(Short descriptive text snippets)
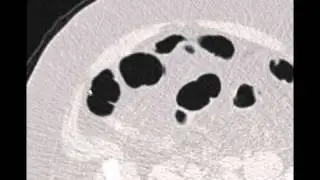 Virtual colon: Large 1.2 cm polyp ascending colon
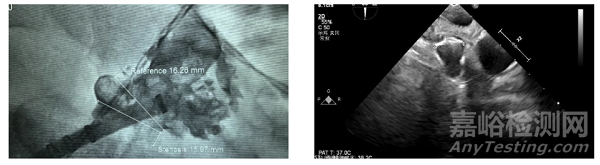 全球首款，波科涂層左心耳封堵器獲批上市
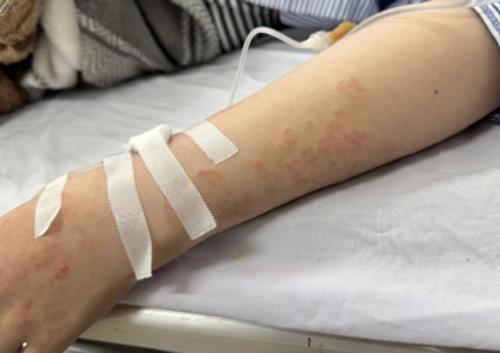 Nguoi phu nu nhiem 5 loai ky sinh trung khien bac si ngo ngang hinh anh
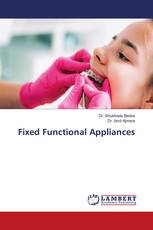 Fixed Functional Appliances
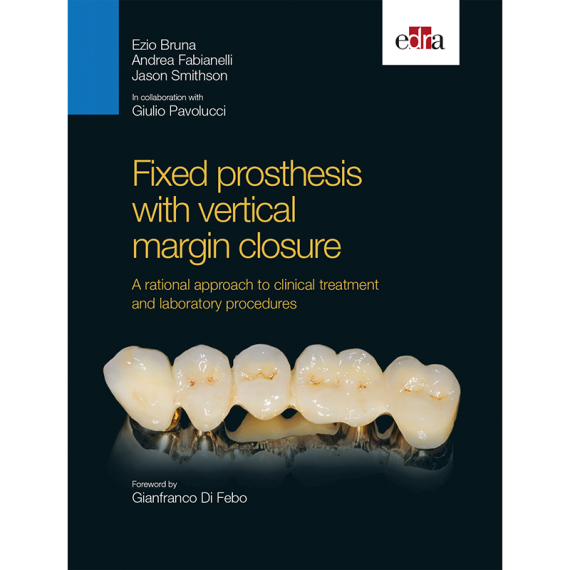 Fixed prosthesis with vertical margin closure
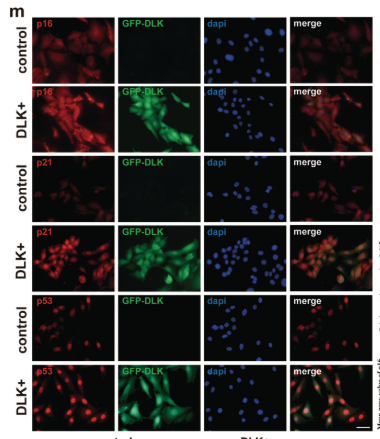 CDKN2A/p16INK4a Antibody - FIGURE 5 Autophagy was excessively activated, and hair cell senescence was aggravated by DLK overexpression.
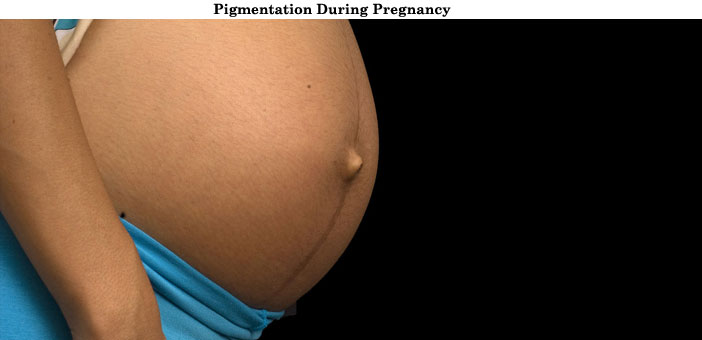Pigmentation During Pregnancy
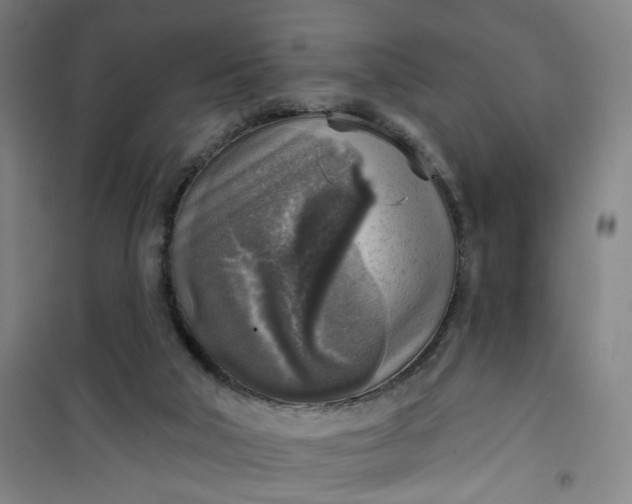 X0000101150018200807111016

Task details
The pictures alone are to be left out when the data above is copied; all else must match exactly.

Response to the exercise
 Virtual colon: Large 1.2 cm polyp ascending colon
 全球首款，波科涂層左心耳封堵器獲批上市
 Nguoi phu nu nhiem 5 loai ky sinh trung khien bac si ngo ngang hinh anh
 Fixed Functional Appliances
 Fixed prosthesis with vertical margin closure
 CDKN2A/p16INK4a Antibody - FIGURE 5 Autophagy was excessively activated, and hair cell senescence was aggravated by DLK overexpression.
Pigmentation During Pregnancy
 X0000101150018200807111016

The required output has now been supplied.